You are right about the origin of and the circumstances surrounding the quote, but I disagree with the conclusion you've drawn.
I've seen engineers waste days, even weeks, reaching for microservices before product-market fit is even found, adding caching layers without measuring and validating bottlenecks, adding sharding pre-emptively, adding materialized views when regular tables suffice, paying for edge-rendering for a dashboard used almost entirely by users in a single state, standing up Kubernetes for an internal application used by just two departments, or building custom in-house rate limiters and job queues when Sidekiq or similar solutions would cover the next two years.
One company I consulted for designed and optimized for an order of magnitude more users than were in the total addressable market for their industry! Of that, they ultimately managed to hit only 3.5%.

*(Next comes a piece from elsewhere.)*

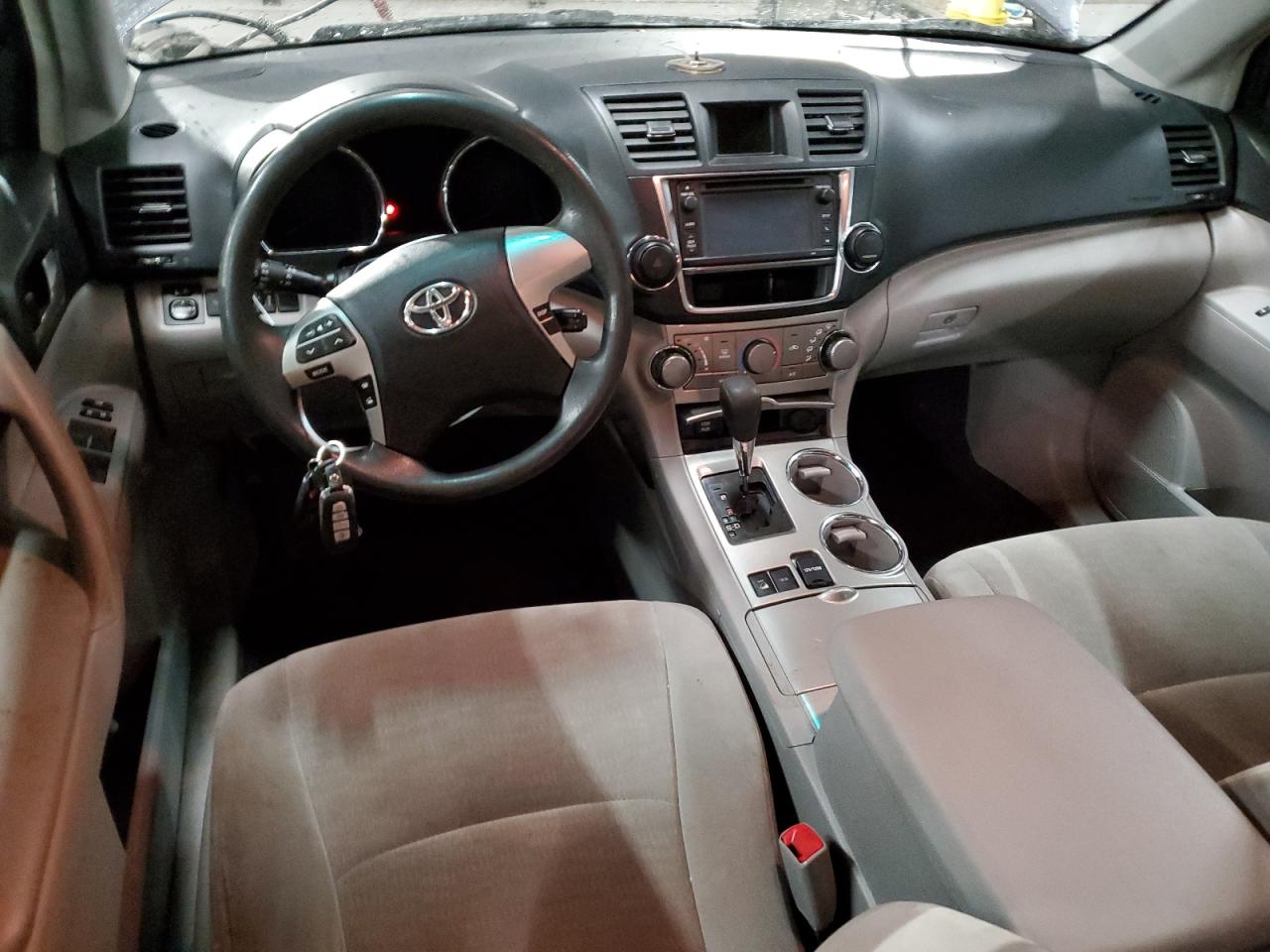 2013 Toyota Highlander - Image 8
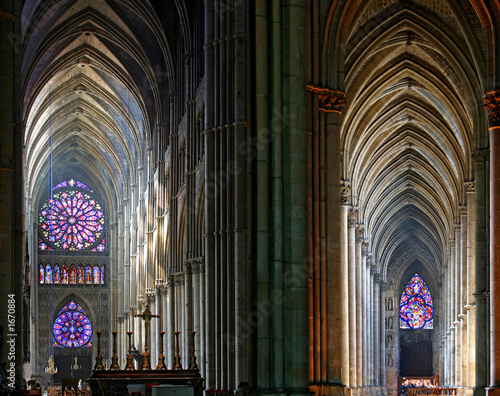 intérieur de la cathédrale de reims 3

All of this was driven by imagined scale rather than real measurements. And every one of those choices carried a long tail: cache invalidation bugs, distributed transactions, deployment orchestration, hydration mismatches, dependency array footguns, and a codebase that became permanently harder to change. Meanwhile the actual bottlenecks were things like N+1 queries or missing indexes that nobody looked at because attention went elsewhere.
Thank your for posting this. I disagreed with OP but couldn't _quite_ find the words to describe why. But your post covers what i was trying to say.
I was quite literally asked to implement an in-memory cache to avoid a "full table scan" caused by a join to a small DB table recently. Our architect saw "full table scans" in our database stats and assumed that must mean a performance problem. I feel like he thought he was making a data-driven profiling decision, but seemed to misunderstand that a full-table scan is faster for a small table than a lookup. That whole table is in RAM in the DB already.
So now we have a complex Redis PubSub cache invalidation strategy to save maybe a ms or two.
I would believe that we have performance problems in this chunk of code, and it's possible an in-memory cache may "fix" the issue, but if it does, then the root of the problem was more likely an N+1 query (that an in-memory cache bandaids over). But by focusing on this cache, suddenly we have a much more complex chunk of code that needs to be maintained than if we had just tracked down the N+1 query and fixed _that_
> All of this was driven by imagined scale rather than real measurements
Yes. When I was a young engineer, I was asked to design something for a scale we didn’t even get close to achieving. Eventual consistency this, event driven conflict resolution that… The service never even went live because by the time we designed it, everyone realized it was a waste of time.
I learned it makes no sense to waste time designing for zillions of users that might never come. It’s more important to have an architecture that can evolve as needs change rather than one that can see years into the future (that may never come).